On November 18, 2016, the FCC issued an enforcement advisory clarifying its position that autodialed text messages, known as “robotexts,” are subject to the TCPA. As we reported last year, the FCC issued a package of declaratory rulings expanding the TCPA’s scope in July 2015, and this enforcement advisory is the FCC’s latest attempt to clarify the expanded scope as it relates to robotexts.
The enforcement advisory makes clear that the TCPA prohibits using an autodialer—defined broadly as any equipment that has the capacity “store or produce numbers to be dialed
and dial them without human intervention”—to place robotexts to wireless numbers absent a consumer’s prior express consent. The consumer’s express prior consent is almost always necessary, with just three narrow exceptions: where the robotext is made for emergency purposes, the FCC exempts the text, or the federal government sends the robotext in connection with the collection of federal debts. The burden of proving consent is on the sender of the robotext; and if the content of the robotext includes advertising, then the sender must show that it has the consumer’s express written consent.

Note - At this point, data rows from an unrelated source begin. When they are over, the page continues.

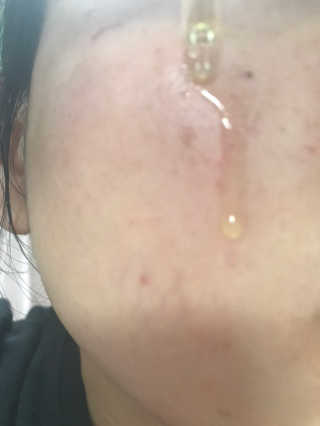 비건화장품 멜릭서 내 피부를 위한 비건케어, 멜릭서 비타민세럼 — 4점을 준 리뷰어가 2019년 3월 올린 사용 사진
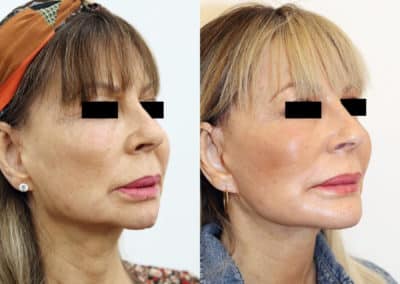 Facelift in London Before & After Results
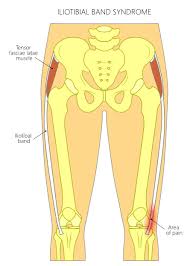 Are you having knee pain while walking downstairs? What Causes Lateral Knee Pain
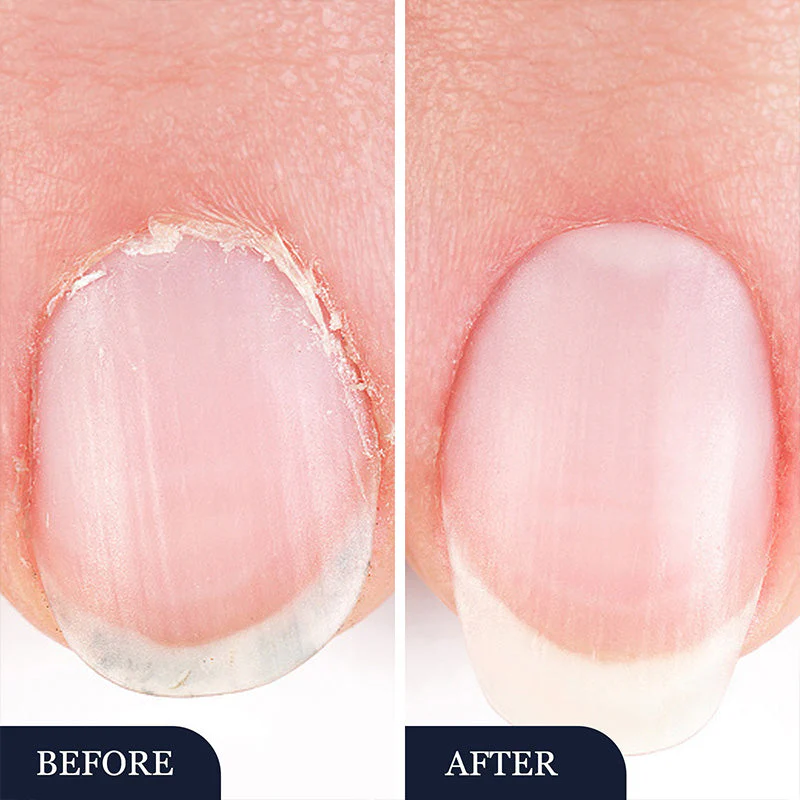 StrongNail – Precisie Nagelverzorging | 1+2 GRATIS - Image 8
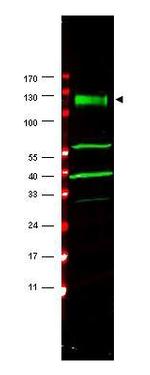 FANCA Antibody in Western Blot (WB)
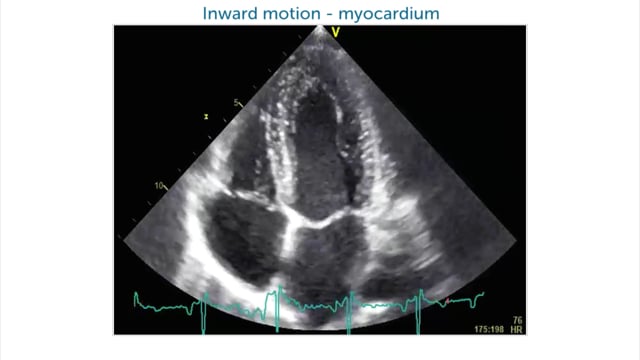 How can left ventricular function be assessed without measurements?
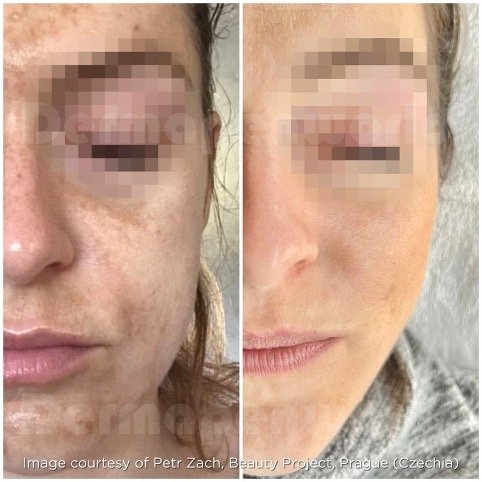 MG BL & Uber pro Peel - B&A - Courtesy Beauty Project - Prague - Czech Republic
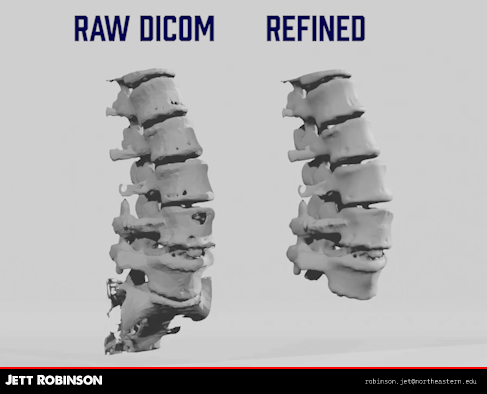 Spine DICOM preview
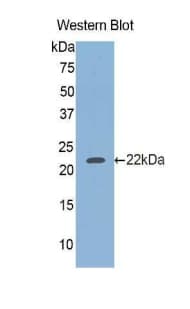 GBA / Glucosidase Beta Acid Antibody (aa334-498, Biotin)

The FCC also clarified that consumers may revoke their consent by “any reasonable method,” after which one final text may be sent to the user in order to confirm the cancellation. Finally, where a wireless number is reassigned, there is a limited safe harbor provision: the sender may send just one text message to the reassigned number without obtaining the consumer’s consent. If the sender sends a second autotext to the reassigned number, the sender may be liable under the TCPA, even if it is unaware that the number has been reassigned. Penalties for violating the robotext prohibition can be harsh, as the FCC states that it can impose penalties of up to $18,936 per violation.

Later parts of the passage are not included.